The government should consider allowing older people who need long term care (LTC) to keep more of their incomes, rather than tinker with capital limits, according to a new study.
The research by the University of Leicester and funded by the Nuffield Community Care Studies Unit, is critical of the LTC debate’s pre-occupation with capital and the fact that older people often have to sell their homes to pay for care.
Looking at possible changes to the residential care means tests, it found allowing people to keep more of their income would target extra state help on the poorest.
Currently people have to put nearly all their income towards the cost of residential care and are left with just £15.45 a week.
The main findings are:
Making nursing and personal care free of charge, as proposed by the Royal Commission on Long Term Care, is the most expensive option, benefits the richest group of older people most and brings small benefits to the poorest.
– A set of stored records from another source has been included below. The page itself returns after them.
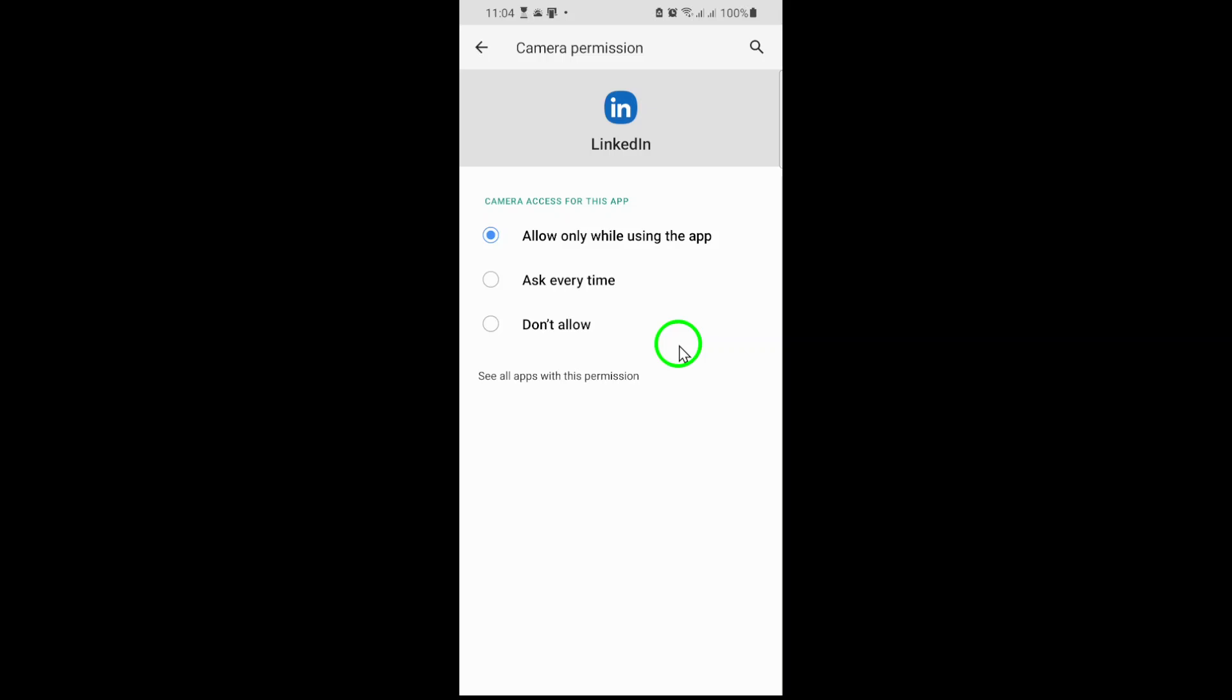And that's it. Once you've enabled this setting, you're all set to use LinkedIn's camera features without interruptions. Need to test it? Open LinkedIn, try uploading a new profile photo or starting a video post, and confirm the camera works smoothly.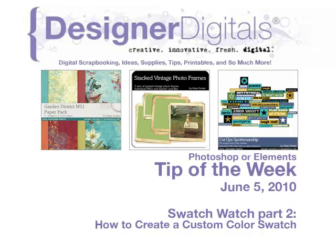Welcome to Designer Digital's Tip of the Week, June 5, 2010. This week, Swatch Watch 2: How to Create a Custom Color Swatch.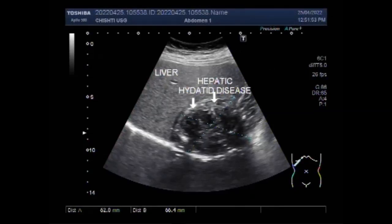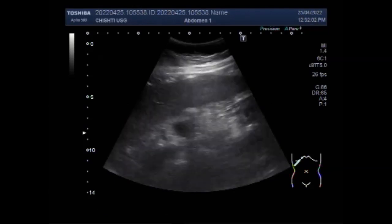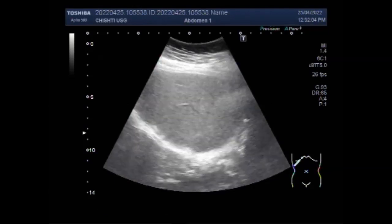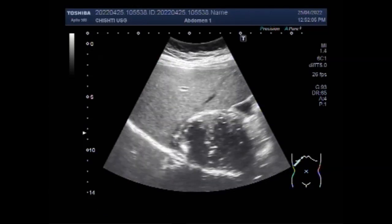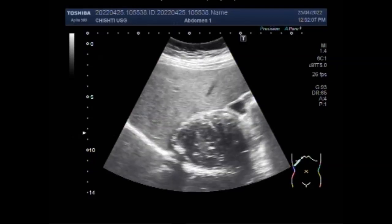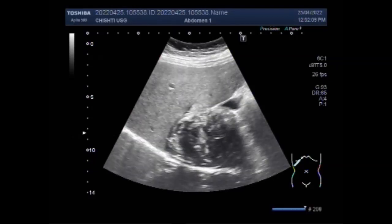Dear viewers, I hope you are all fine. This ultrasound video shows a hepatic hydatid cyst. You can see the liver and the lower portion of the right lobe of the liver shows a hydatid cyst. This is the hydatid cyst.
Raising the savings limits gives most help to those in the middle income group (and to homeowners) but quite substantial increases in the lower, as well as upper, limits are needed to produce noticeable benefits.
Raising the lower capital limit to £60,000 and the upper limit to £100,000 benefits those on middle income more than providing free care, but would cost the government only about half as much.
Disregarding more income, rather than capital, benefits the poorest most, gives some benefit to those in the middle and almost no benefit to the richest.
Author Ruth Hancock says: “There are no indications that the government is willing to spend a lot of extra money to ease the means test for LTC. So it will be under pressure to make sure that what it does spend is targeted on the poorest. The easiest way to do that is to let people keep more than the meagre £15.45 a week of their income that they are allowed under the current rules.”
The government is expected to respond to the Royal Commission on Long Term Care this month.